County Council’s tantrum sends wrong message

In case you weren’t paying attention the past few days, the Beaufort County Council made a statement this week. And the statement it made shouldn’t be misunderstood.

Last week, it became known that Council had the majority votes necessary to fire Beaufort County Administrator Ashley Jacobs and it intended to do so at a special meeting Monday night.

Don’t let any dilemma about whether or not Council SHOULD have fired Jacobs give you any pause. It certainly didn’t give them any.

Citizens’ efforts be damned, Council slithered ahead.

By now, you know the result. Jacobs agreed to resign rather than be fired.

Taking a step back in time roughly 18 months, in reality, it’s a miracle Council hired Jacobs anyway. She openly stands for fiscal responsibility, public accountability, following the rules and transparency. Clearly, she was just what this Council needed. All the more reason to be shocked it hired her.

The fact it DID hire her all but guaranteed it would eventually have to try and get rid of her. This Council is downright allergic to fiscal responsibility, public accountability, rule following and transparency.

Councilman Mike Covert made Council’s intentions known last week, mainly to voice the fact he was not in agreement with their plan. (Covert, Chris Hervochon and York Glover were the only Council members not to vote to accept Jacobs’ resignation on Monday.)

When the public found out Council’s intent, members of the community mobilized, flooding Council with emails and getting hundreds of signatures on a petition urging the body not to fire Jacobs.

But giving a toddler attention doesn’t necessarily stop a tantrum.

And the efforts didn’t sway the six council members who would have voted to dismiss Jacobs – Stu Rodman, Paul Sommerville, chair Joe Passiment, Mark Lawson, Alice Howard and Lawrence McElynn.

This is how County Council sent its message.

Not to Jacobs. No. She’s simply being punished for being the strong, intelligent, principled woman who had the gall to stand up to the good ole boys club.

No, Council sent its message to whomever the next Beaufort County Administrator may be. 

It sent its message to businesses who might potentially call Beaufort County home.

It sent its message to landowners and developers wanting to make deals in the county.

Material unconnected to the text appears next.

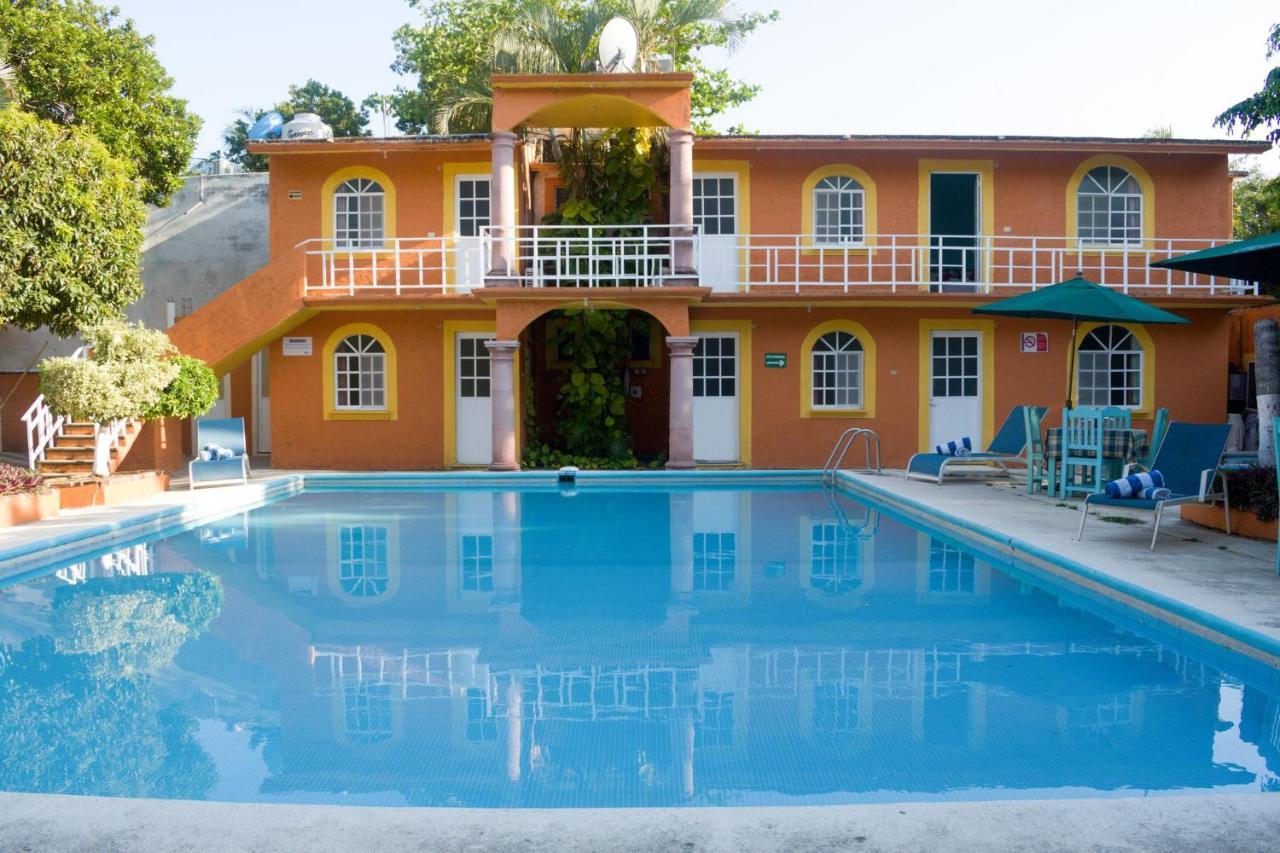 Hotel Villas Arcon Лагуна-Верде Экстерьер фото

It sent its message to tourists who have fallen in love with the Lowcountry and may relocate here.

And it sent its message to the hard-working, taxpaying citizens of Beaufort County …

If you want an honest county government, don’t come to Beaufort County.

If you want accountability in your county government, don’t come to Beaufort County.

If you want transparency in your county government, don’t come to Beaufort County.

If you want fiscal responsibility in your county government, don’t come to Beaufort County.

If you want integrity in your county government, don’t come to Beaufort County.

At this point, you know exactly where Beaufort County Council stands on these issues. 

The question is where do their employers, the citizens of Beaufort County stand? 

And how long will they stand for a County Council that makes it clear its only interest is being free to do what it wants, when it wants, how it wants, with no repercussions?